Beginning with the first line, return the material verbatim and without pictures.

> _Provided material_
....

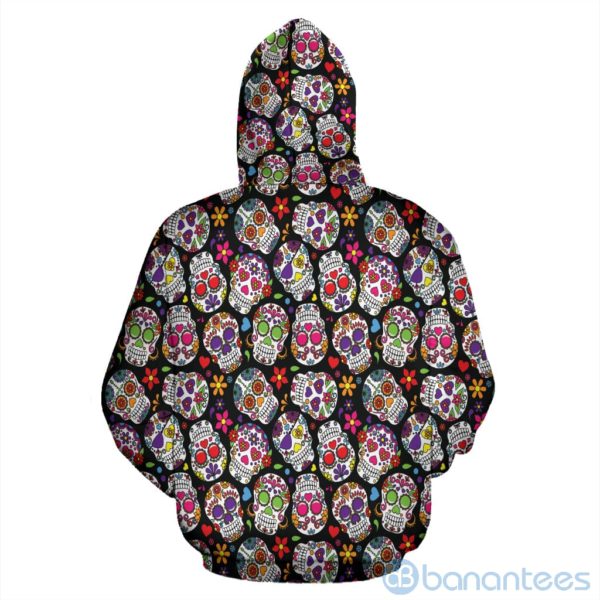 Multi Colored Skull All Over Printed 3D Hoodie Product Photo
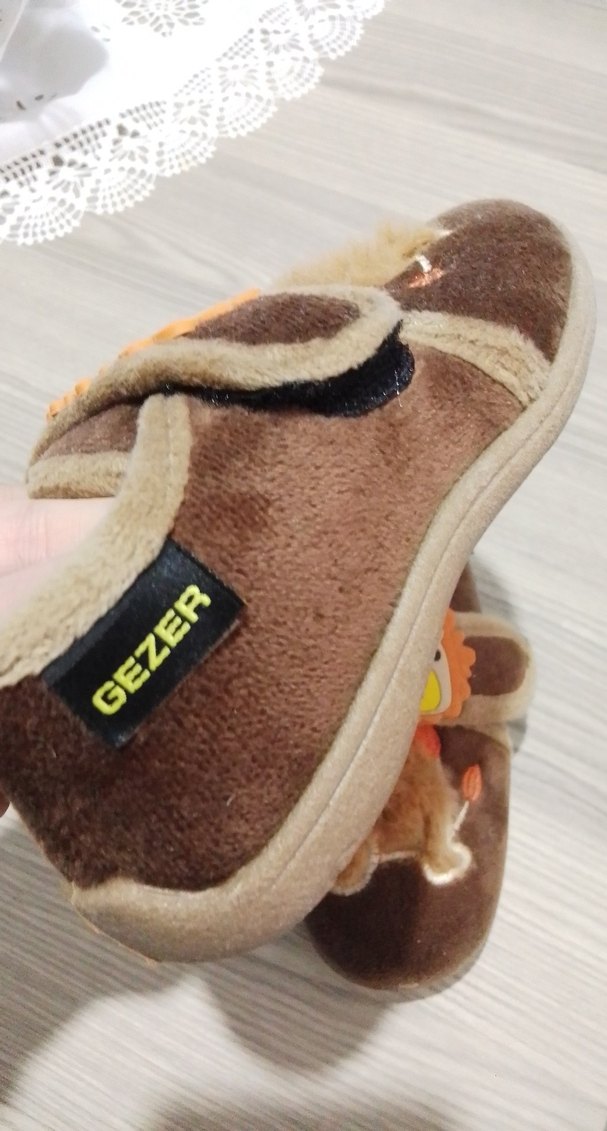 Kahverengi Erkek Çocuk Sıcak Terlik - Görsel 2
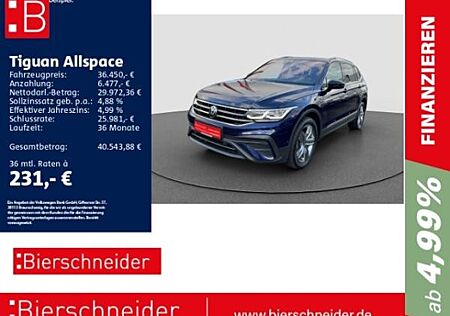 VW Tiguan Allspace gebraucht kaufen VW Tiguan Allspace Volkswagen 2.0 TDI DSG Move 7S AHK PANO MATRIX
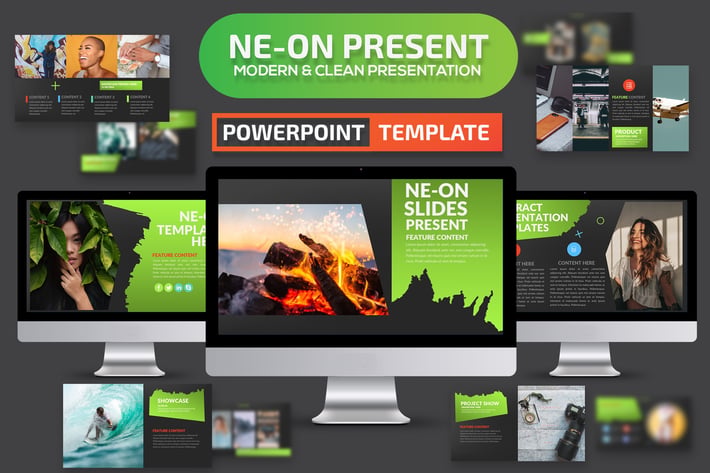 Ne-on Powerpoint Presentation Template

....

> _Solution to the problem_
 Multi Colored Skull All Over Printed 3D Hoodie Product Photo
 Kahverengi Erkek Çocuk Sıcak Terlik - Görsel 2
 VW Tiguan Allspace gebraucht kaufen VW Tiguan Allspace Volkswagen 2.0 TDI DSG Move 7S AHK PANO MATRIX
 Ne-on Powerpoint Presentation Template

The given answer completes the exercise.